§ Information provided:

===

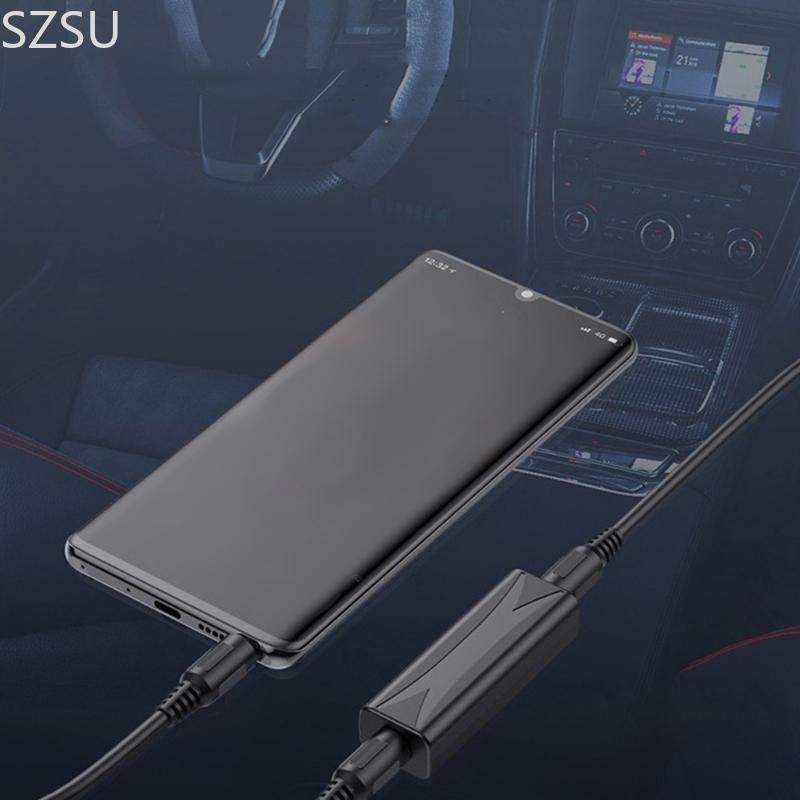 Home Improvement Cars - SZSU 3.5mm Auditory Cable with Noise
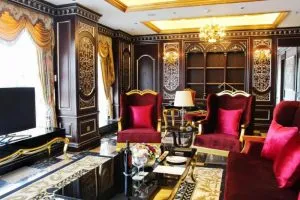 هتل پرفرنس هوالینگ تفلیس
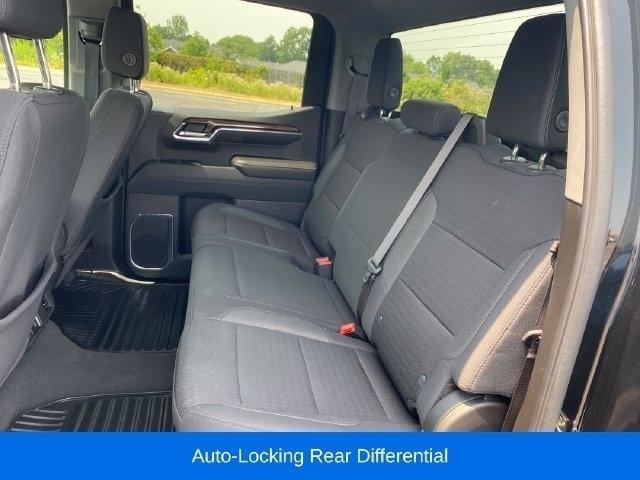 Chevrolet Silverado 1500 LT-L Crew Cab 4WD 2024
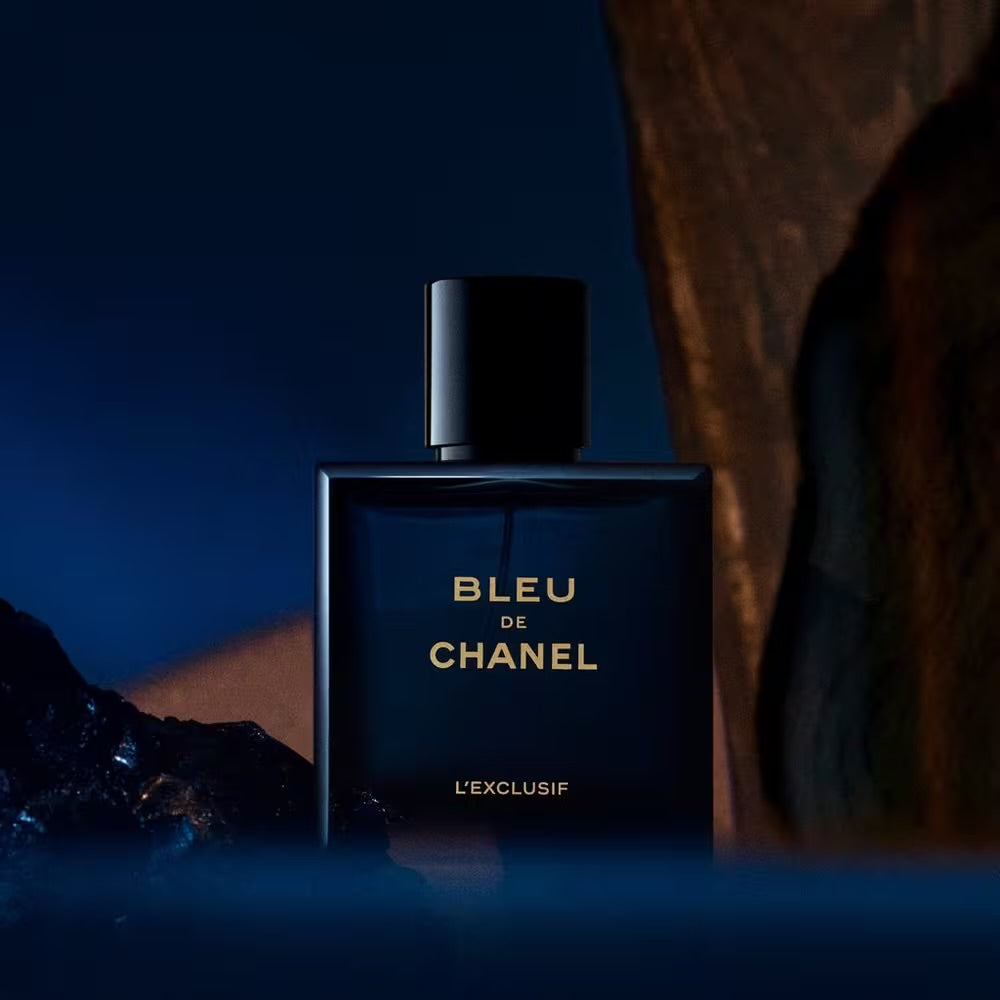 BLUE DE CHANEL (L’EXCLUSIF) 3.4OZ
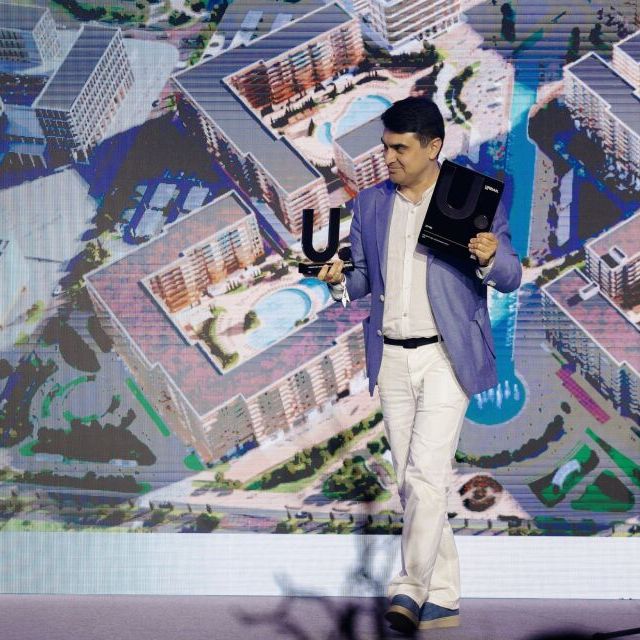 Церемония URBAN Awards - фото 84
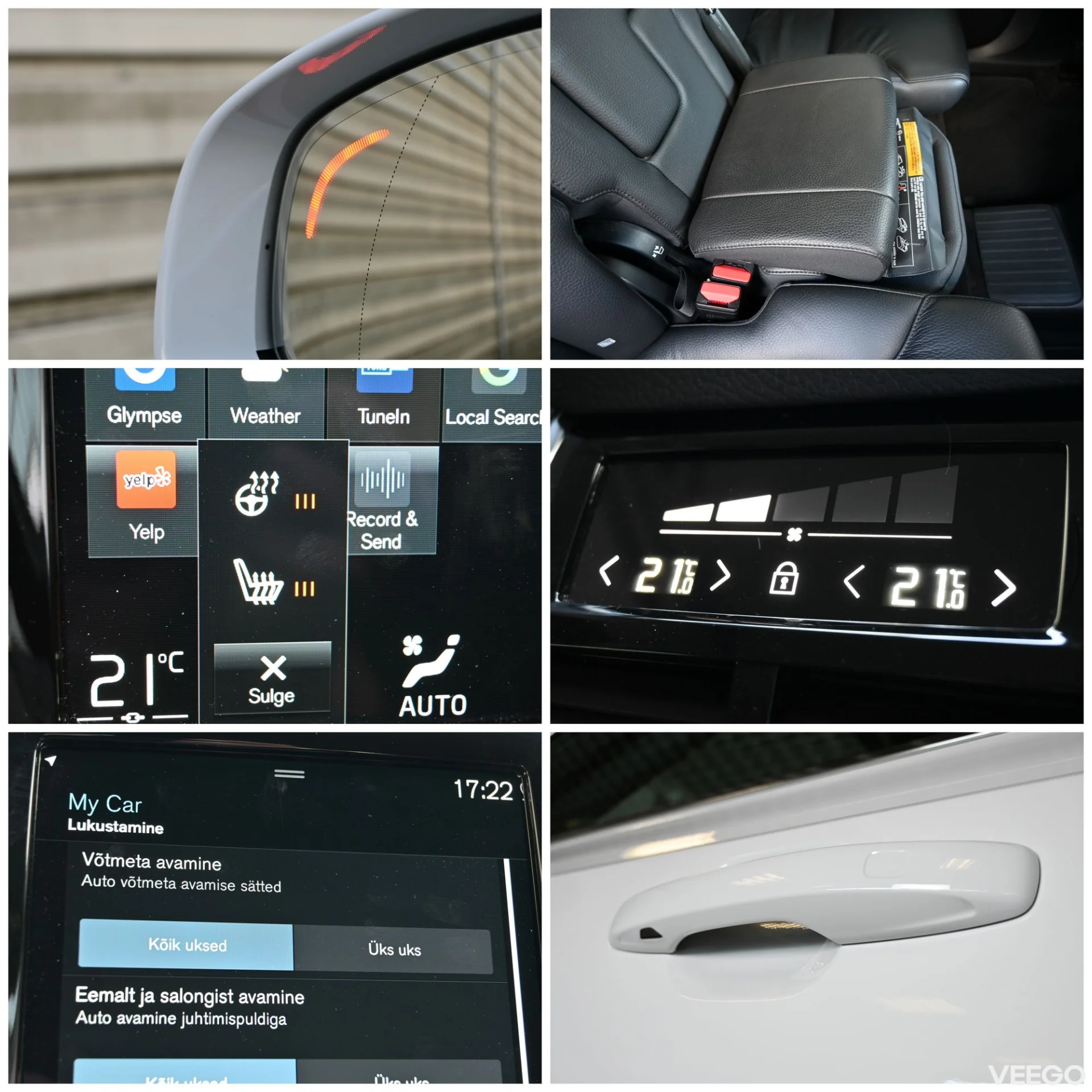Volvo XC90 AWD 7K INSCRIPTION EXPRESSION INTELLI SAFE 2 288kW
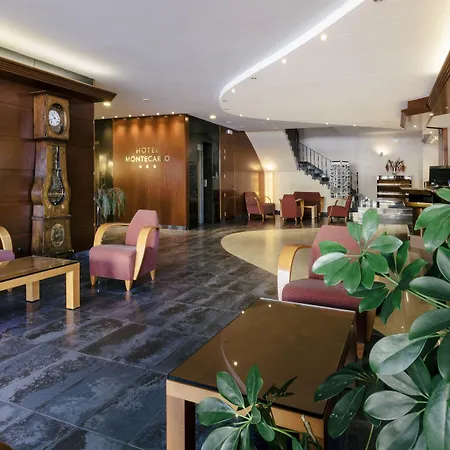 Hotel Montecarlo Spa & Wellness-3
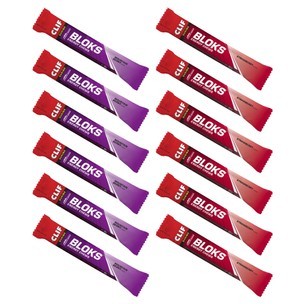 Clif Bar Short Dated: Bloks Box 12 X 60g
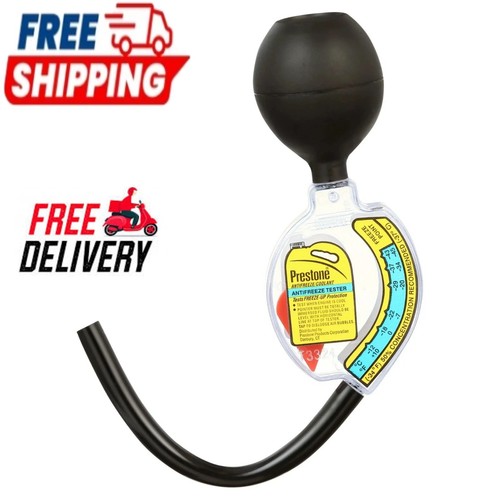 Prestone antifreeze coolant - antifreeze,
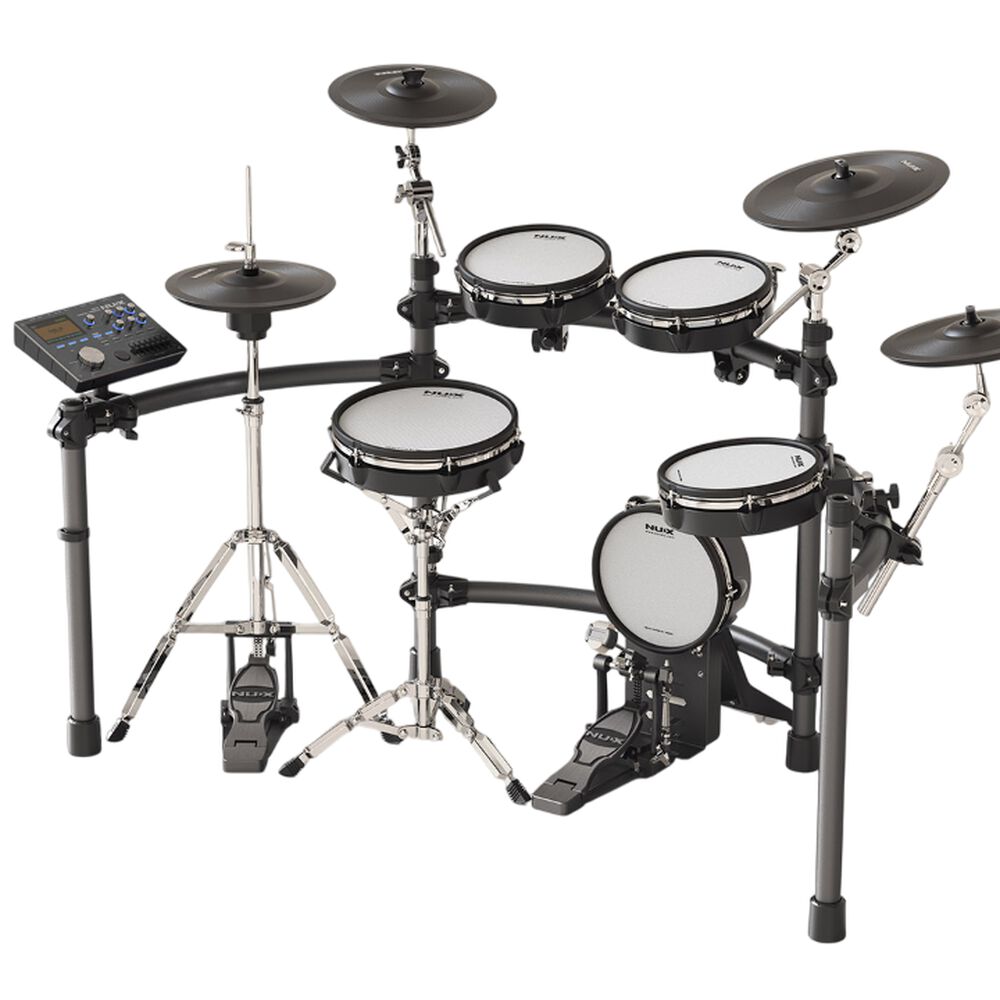 Batería Electrónica Dm-8 Nux image number 1.0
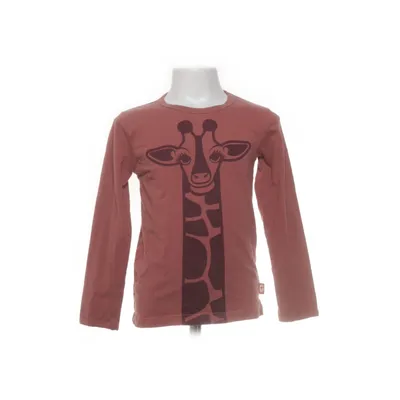 Långärmad t-shirt (Rosa) från Duns Sweden Bomull, Elastan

===

§ Requirement: Whatever pictures the entries contain, omit them, and write the rest out exactly.

§ Solution for this task:
 Home Improvement Cars - SZSU 3.5mm Auditory Cable with Noise
 هتل پرفرنس هوالینگ تفلیس
 Chevrolet Silverado 1500 LT-L Crew Cab 4WD 2024
 BLUE DE CHANEL (L’EXCLUSIF) 3.4OZ
 Церемония URBAN Awards - фото 84
Volvo XC90 AWD 7K INSCRIPTION EXPRESSION INTELLI SAFE 2 288kW
 Hotel Montecarlo Spa & Wellness-3
 Clif Bar Short Dated: Bloks Box 12 X 60g
 Prestone antifreeze coolant - antifreeze,
 Batería Electrónica Dm-8 Nux image number 1.0
 Långärmad t-shirt (Rosa) från Duns Sweden Bomull, Elastan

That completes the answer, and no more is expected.